Iglesias aparece, por tanto, como un problema irresoluble. Se estaría mejor sin él y, al mismo tiempo, no parece posible prescindir de Podemos. Pero si la cuerda sigue tensándose y las negociaciones acaban rotas, cobra peso la posibilidad de que se cree un frente de izquierdas anti-Podemos. Si el partido de Iglesias concurre en solitario y aparece como responsable de la ruptura, sería factible que PSOE y Sumar sacasen rédito, en la medida en que aprovecharían la animadversión de la izquierda contra Iglesias y los suyos.

Ahí entraría la fórmula anunciada por el viejo experto: la coalición de Sumar y PSOE contra Podemos en circunscripciones concretas; en lugar de arrojar los votos a la nada, se añadirían a los del PSOE. Del mismo modo que la llegada de Iglesias a las autonómicas madrileñas cohesionó a las derechas, ahora podría hacerlo con las izquierdas. Se podría aunar el ajuste de cuentas personal con la conveniencia política; la posibilidad de dejar en la irrelevancia a Podemos se compaginaría con un resultado electoral que sonase esperanzador para la izquierda. Quizá sea solo una advertencia por si Iglesias fuerza en exceso en la negociación, pero este tipo de rumores demuestran que Iglesias no tiene todas las bazas en su mano a la hora de forzar un pacto.
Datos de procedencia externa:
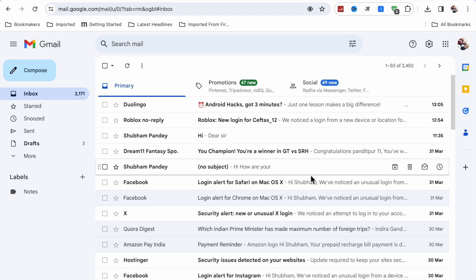Hello friends, welcome to my YouTube channel. In this video I am going to show you how to delete all emails in Gmail. So if you want to delete all emails in Gmail, what you have to do...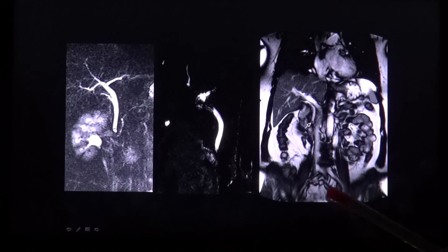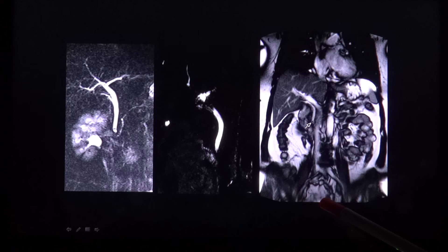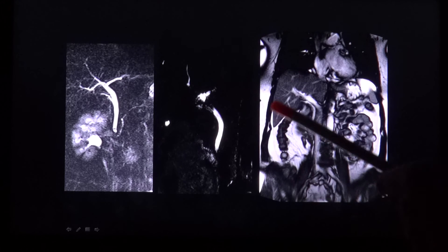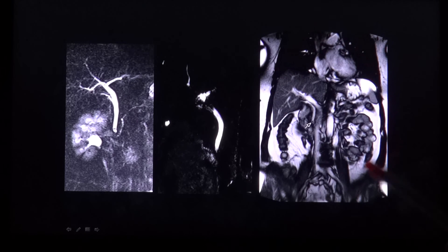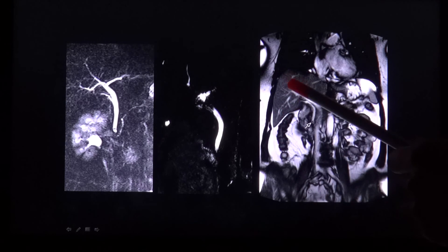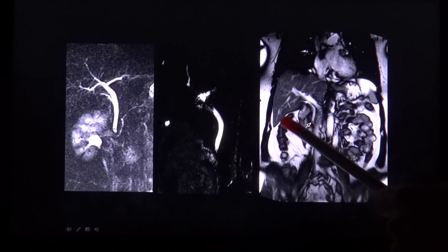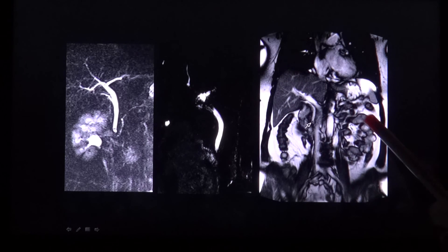With MRI you have the advantage of being able to evaluate the perioductal tissues and organs as well, and thus ruling out an extrinsic obstruction of the bile duct, which can lead to the same symptoms. Here, for example, you have a sequence which shows you the whole abdominal organs like the liver, the colon, and the intestine.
Hace ya bastantes meses, previendo la posibilidad de que Podemos se presentara por separado a las elecciones, un experto en asuntos electorales y en asuntos de la izquierda avisaba en privado de la posibilidad de que, en determinadas circunscripciones, Sumar y el PSOE pudieran concurrir juntos a las generales. Era cuestión de eficiencia, dadas las características del sistema electoral español. Esa iniciativa, que sonaba extemporánea, y más por el lugar débil del tablero en el que colocaba a Sumar, es ahora más factible. El giro actual de Pablo Iglesias lo hace posible.